§ **Task to complete**
Omitting every picture, copy the lines from the one that contains "this 1200×900 image." through the last line of the records below, exactly and with nothing added.

--- START ---

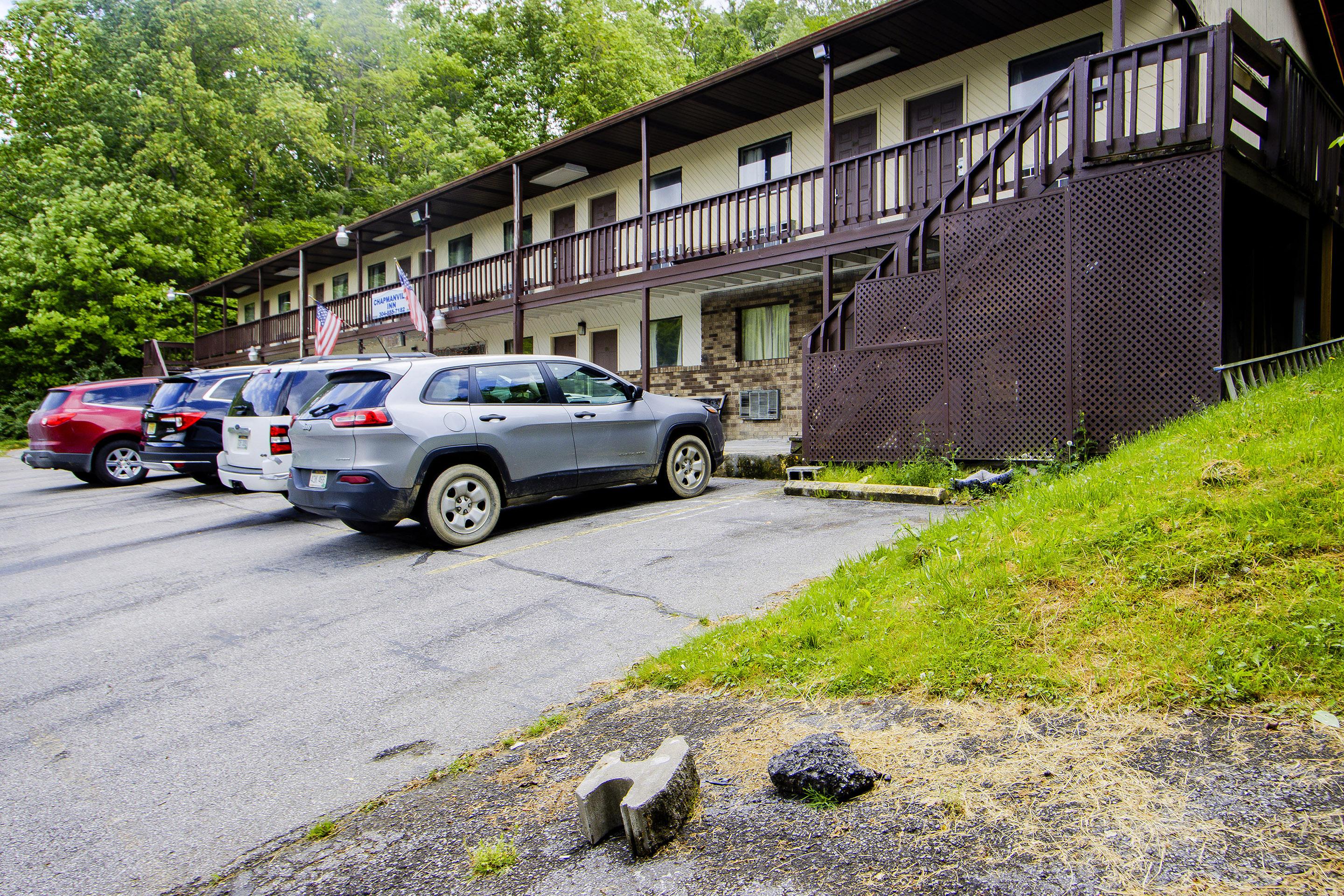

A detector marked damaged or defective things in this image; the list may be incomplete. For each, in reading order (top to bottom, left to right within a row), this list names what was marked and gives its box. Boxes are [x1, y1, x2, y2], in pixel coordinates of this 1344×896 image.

asphalt crack [485, 556, 698, 620]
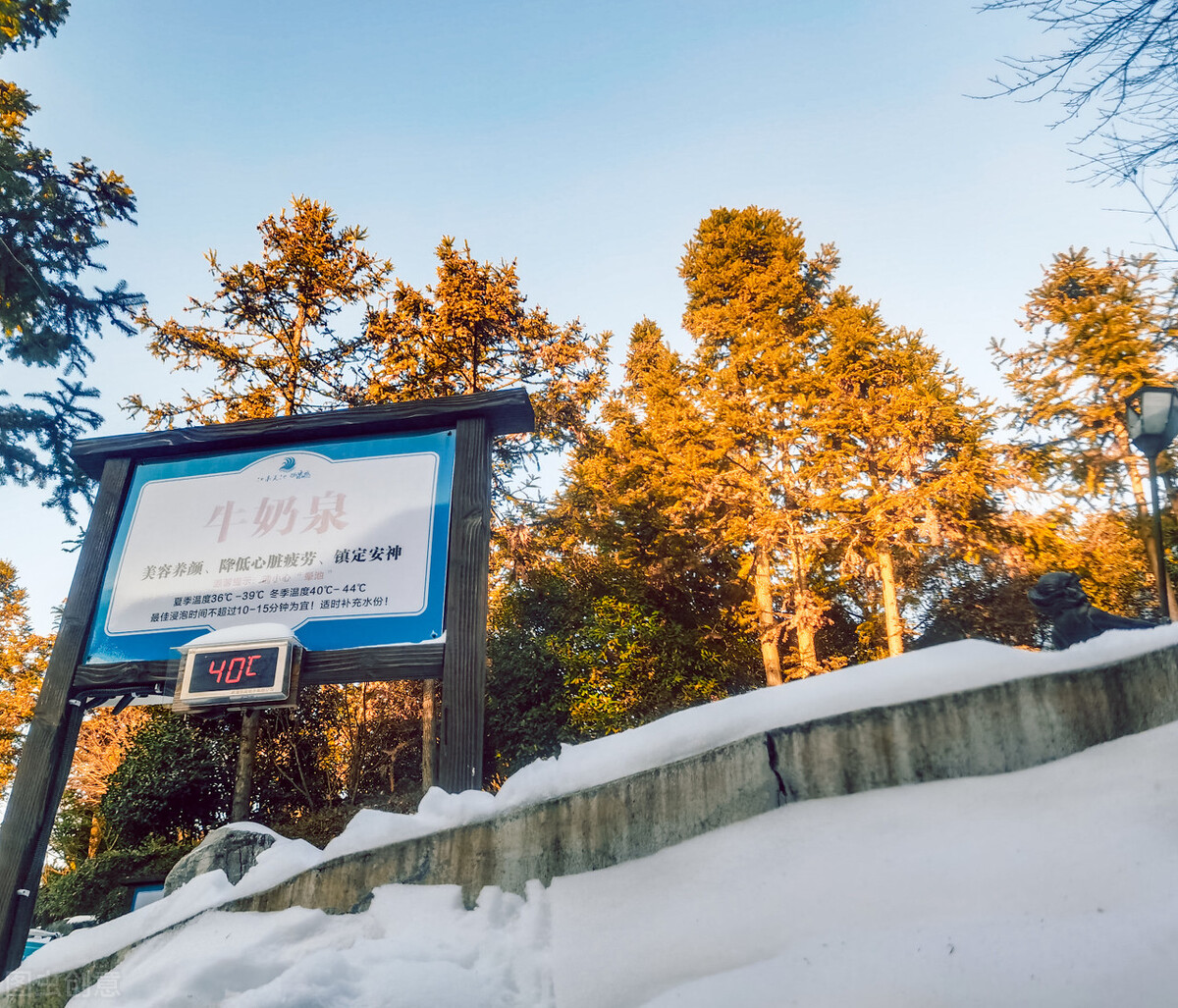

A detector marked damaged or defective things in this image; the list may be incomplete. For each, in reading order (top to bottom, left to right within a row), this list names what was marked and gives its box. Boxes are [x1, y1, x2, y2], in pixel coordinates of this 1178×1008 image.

cracked concrete wall [9, 640, 1178, 1003]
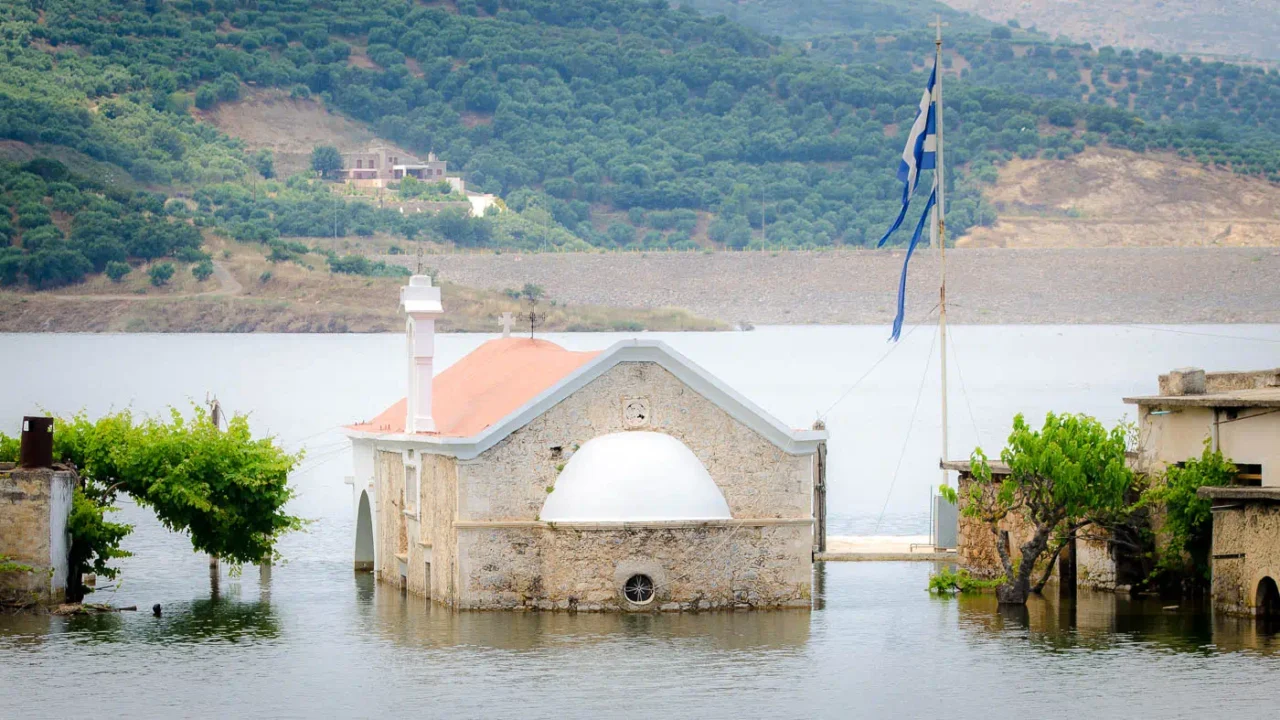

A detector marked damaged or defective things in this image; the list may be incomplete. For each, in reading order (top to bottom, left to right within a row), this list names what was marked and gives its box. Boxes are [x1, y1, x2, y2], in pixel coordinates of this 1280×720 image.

rusty metal barrel [18, 412, 54, 468]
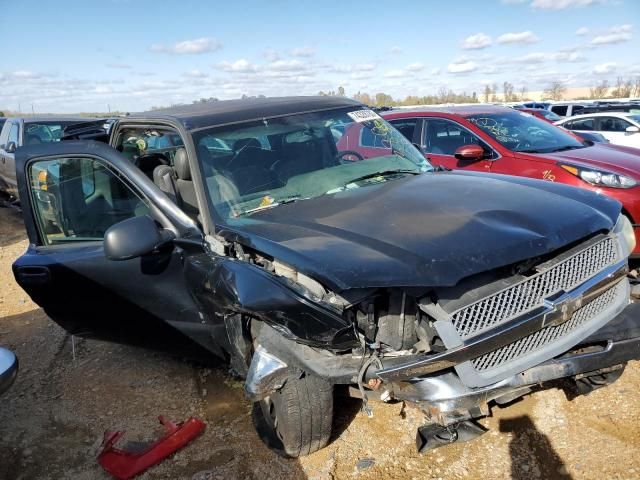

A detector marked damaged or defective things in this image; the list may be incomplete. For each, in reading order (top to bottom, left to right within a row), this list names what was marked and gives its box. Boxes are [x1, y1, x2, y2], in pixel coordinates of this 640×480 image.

cracked windshield [195, 108, 432, 218]
damaged headlight [560, 164, 636, 188]
damaged headlight [616, 215, 636, 258]
wrecked pickup truck [11, 94, 640, 458]
broken plastic debris [97, 416, 205, 480]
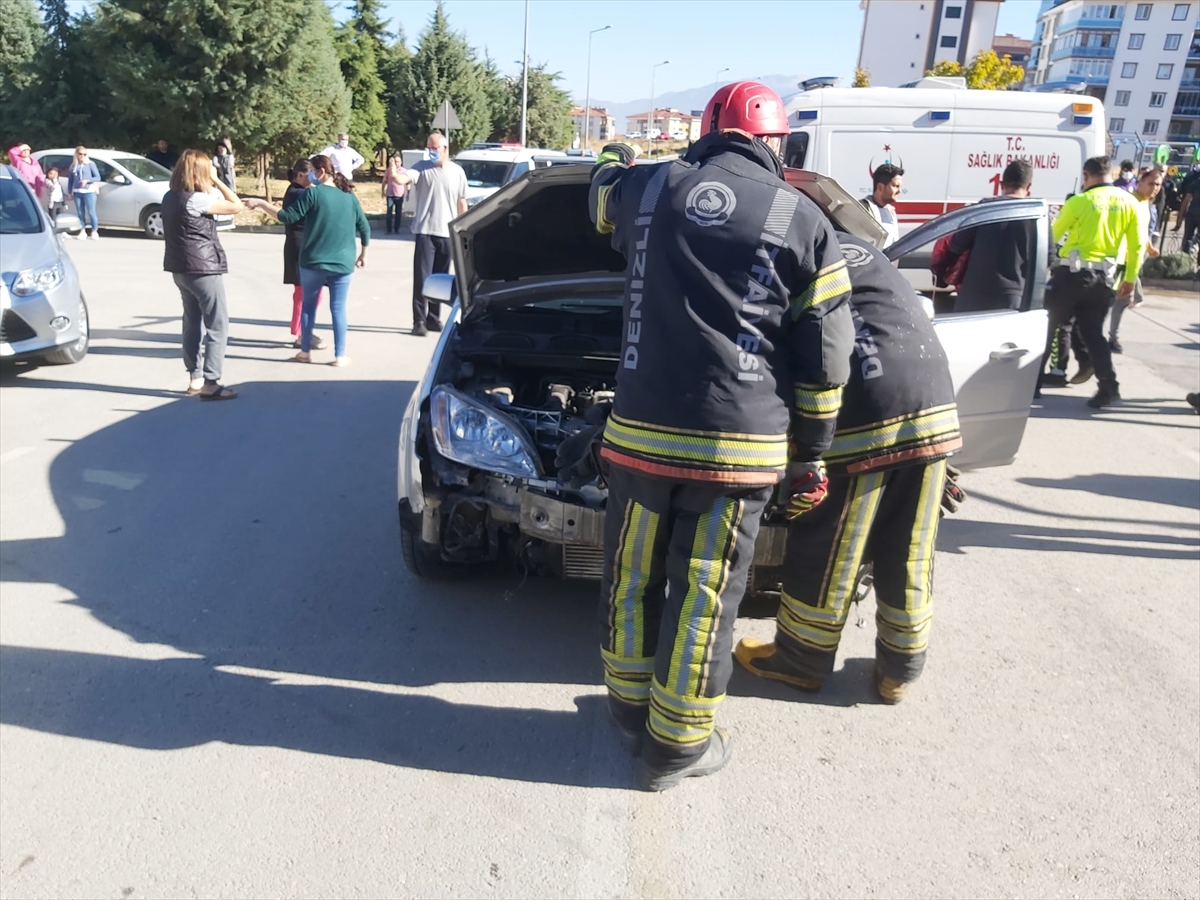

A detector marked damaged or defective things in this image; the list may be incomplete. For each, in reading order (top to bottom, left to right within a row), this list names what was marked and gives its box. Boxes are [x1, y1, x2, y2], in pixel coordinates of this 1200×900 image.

damaged white car [396, 165, 1048, 588]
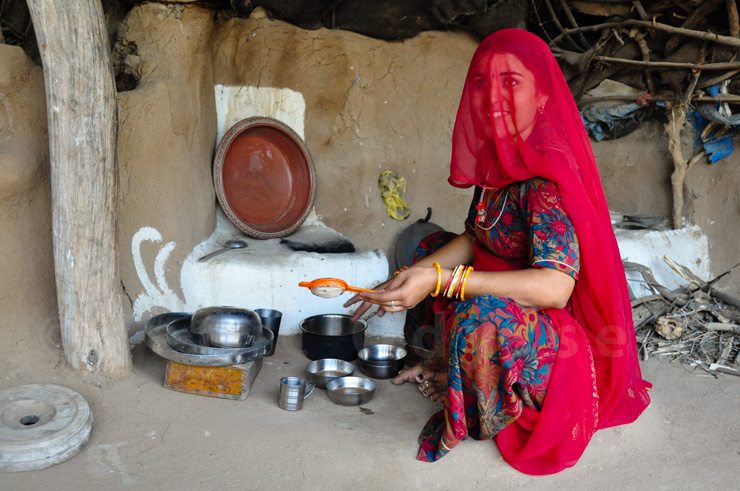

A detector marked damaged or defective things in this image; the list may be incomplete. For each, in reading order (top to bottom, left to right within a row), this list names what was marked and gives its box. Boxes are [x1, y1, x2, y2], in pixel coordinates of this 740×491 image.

cracked mud wall [0, 46, 59, 374]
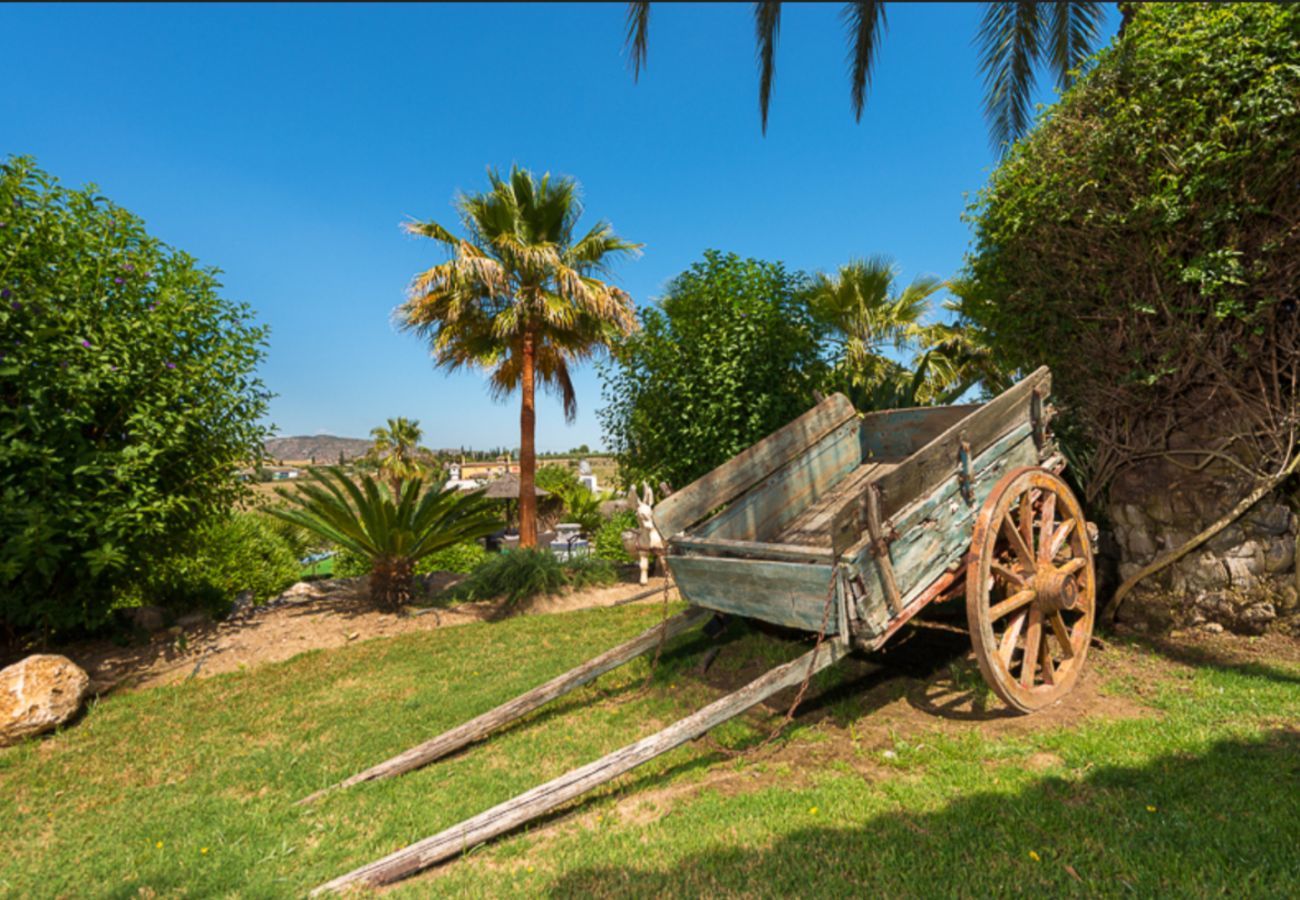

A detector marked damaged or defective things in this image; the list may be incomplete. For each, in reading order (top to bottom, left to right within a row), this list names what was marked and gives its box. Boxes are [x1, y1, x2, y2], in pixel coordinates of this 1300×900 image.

rusty iron wheel rim [967, 468, 1097, 712]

--- END ---

§ **Solved exercise**
A detector marked damaged or defective things in this image; the list may be incomplete. For each, in reading order (top to bottom, left to right within a row), this list names what was marked and gives its box. Boxes are [x1, y1, x2, y2], in pixel coordinates of this 1200×900 image.

damaged white car [396, 165, 1048, 588]

A detector marked damaged or defective things in this image; the list may be incomplete. For each, in reading order (top to bottom, left to right within a row), this list names what was marked and gives its box. Boxes are [x1, y1, x2, y2], in pixel coordinates of this 740×491 image.

cracked mud wall [0, 46, 59, 374]

A detector marked damaged or defective things in this image; the list may be incomplete. For each, in reading order (top to bottom, left to right within a row), this list names what was marked and gives its box. Boxes are [x1, y1, x2, y2], in pixel coordinates of this 1300×900 image.

rusty iron wheel rim [967, 468, 1097, 712]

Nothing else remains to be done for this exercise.